WHAT NEEDS TO BE DONE: Set out exactly, line by line, the stretch of data below that begins at the line containing "Home Office, Interior, Stone" and ends at the line containing "White sapphire cocktail ring", with both ends kept.

SOURCE DATA:
⁂

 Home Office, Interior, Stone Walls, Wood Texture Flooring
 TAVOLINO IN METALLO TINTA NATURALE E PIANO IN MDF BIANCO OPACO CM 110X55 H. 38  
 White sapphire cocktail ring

⁂

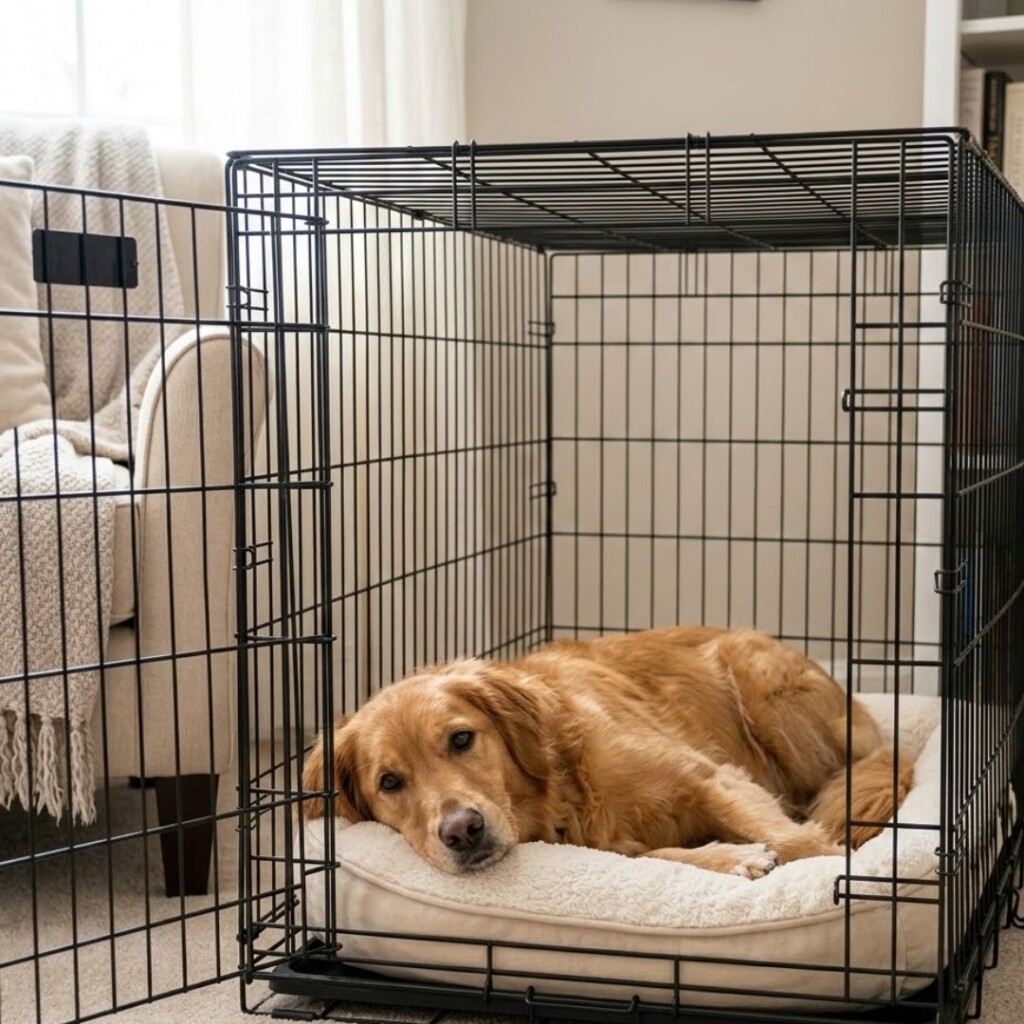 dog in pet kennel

⁂

YOUR RESPONSE:
 Home Office, Interior, Stone Walls, Wood Texture Flooring
 TAVOLINO IN METALLO TINTA NATURALE E PIANO IN MDF BIANCO OPACO CM 110X55 H. 38  
 White sapphire cocktail ring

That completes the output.